それはそれとして、不倫だの浮気だのの話はつい、「正しいか正しくないか」「効率的か非効率的か」「幸せになるか不幸になるか」という軸で考えてしまいがちだ。そんなのは、正しくないに決まっているし、非効率的に決まっているし、幸せになれる確率も(相手一本に絞ったら)かなり低いに決まっている。だけど、吉本ばななの短編集『不倫と南米』は、そんな不倫を肯定も否定もせずに、アルゼンチンの自然や街の風景とともに、淡々と描いているのだ。

幸福の香りが残る不倫を描く

『不倫と南米』に入っている7つの短編は、そのほとんどが男女の「不倫」の関係を扱っている。職場の上司とするいわゆる(?) 不倫に、W不倫、年の離れた人との恋愛、年に3カ月間だけ会う不倫、奥さんから嫌がらせの電話がかかってくる不倫。だけどすべての短編において読後感は悪くなく、ほんのりとした幸福の香りが残るようになっている。

一般的には幸福と程遠いイメージがある不倫なのに、どうしてだろう? 小説だから? といろいろ考えてみたのだけど、おそらくこの短編集で不倫をしている女性たちは、実に淡々と恋愛をしているのだ。相手に幸せにしてもらいたいとも、自分を認めて肯定してほしいとも、寂しさを埋めてほしいとも特に思っていない。単純に、素敵な人が目の前にいて、なんとなく好きになったという具合で、相手のことを考えている。
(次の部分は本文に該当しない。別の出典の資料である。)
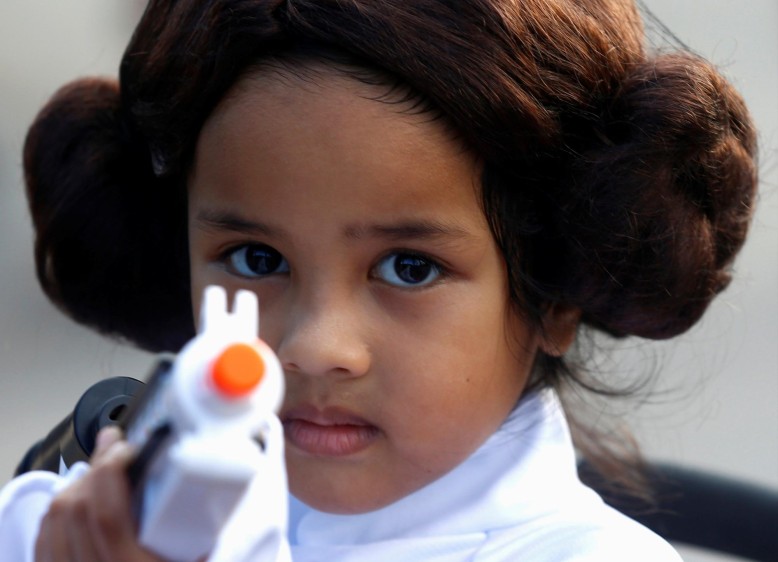 Los niños llevan el amor por Star Wars que seguramente sus padres les inculcan. Foto: Reuters.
だから不倫の相手に、特別な期待を抱いていない。自分のほうに振り向いてほしいとも、自分のことを認めてほしいとも思っていない。ただ、窓の外に降り注ぐ雨を、一緒に見つめていたりする。タイミングが合えばその後も一緒にいるし、合わなければ残念だけど一緒にはいない。本当に、すごく淡々としているのだ。